Wednesday, May 12, 2010

Just a thought

David Cameron does not look like a Prime Minister. He looks like the Prime Minister on a BBC sitcom.





The wrath of G_d?

As you've probably heard, Oklahoma recently passed a pair of statutes designed to place further obstacles in the way of women seeking constitutionally-protected abortions. Shortly thereafter, the state was pummeled by a series of tornadoes.

So, how come we don't hear any of the panjandrums who are so certain that they know the will of the Almighty telling us that this is Oklahoma's punishment?

Just wondering.

Monday, May 10, 2010

Wingnuts rule!

The saying goes that revolutions eat their young. The Tea Party faction of the Republican Party exhibited such behavior over the weekend, when their supporters ended the senatorial career of Robert Bennett (R.UT).

Bob Bennett is extremely conservative. Like really, really conservative. But he is not a yahoo, like, say Tom Coburn or James Inhofe (both R. OK). No firebrand, Bennett is the kind of person that conservatives need--a steady, reliable vote who is willing to speak civilly with those across the aisle and will not terrify the legion of independents.

That's not good enough for the radicals who are taking over the GOP. They only want fire-breathing true-believers.

I've already gone out on a limb and said publicly that the Democrats will not do as badly in the mid-term elections as is widely expected. They may lose seats--that's normal in off-years. But as the six months to November unreel, I expect that the sensible center will begin to reject the anger and simple-minded nostrums of the extremists. Even if I am wrong about 2010, even if the anger in the nation is even deeper--and broader--than it seems, the Republican Party has taken a turn down the road to irrelevance.

The right place?

Palestinians and Israelis have begun indirect peace talks under US auspices. We should hope that they will be successful, but no one expects rapid results.

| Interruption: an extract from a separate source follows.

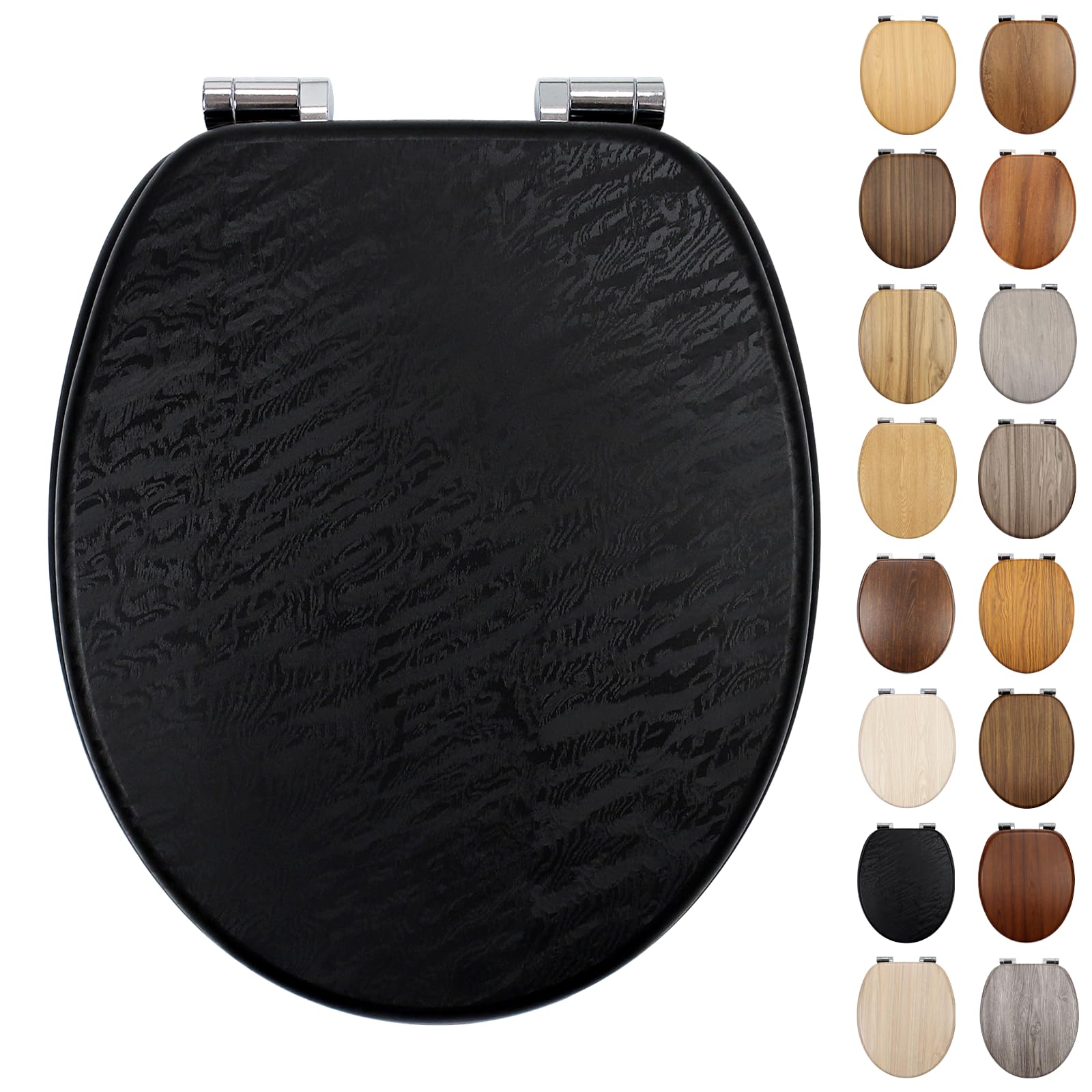 Fanmitrk Blg24801-01 Traditional Wooden Toilet Seat Soft Close, Mdf Adjustable Hinges With Bottom Fixture,Easy To Clean And Install For Bathroom (Blg24801-01)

It strikes me that a more important locale for the US to expend energy on peacemaking would be between India and Pakistan. I make no claim to expertise, but it seems as if the issues in the sub-continent, though anything but simple, are less complex than those in the Middle East. And if a real peace treaty could be attained, it would have direct and immediate benefits to American interests. To begin with, it would free the largest part of Pakistan's military to cope with the Taliban and al Qaeda, and probably permit the nation to reduce its overall military expenditures as well, thereby much improving its economic prospects.

Wednesday, May 05, 2010

The time for gun control is past

Faisal Shahzad, the would-be Times Square car bomber, was the legal owner of a Kel-Tec Sub Rifle 2000, a weapon that The New York Times described as "fearsome looking, a hybrid of a pistol and a long gun." A semi-automatic weapon with a telescoping stock, it could be concealed with ease under a coat, and provide a terrorist with just the weapon he needs to kill a large number of people in a place like Times Square.t s

And this weapon was bought legally in Connecticut, not obtained at some gun show or bought from a gun-runner in Georgia or Virginia.

It's time to stop talking about gun control and start talking about gun sanity.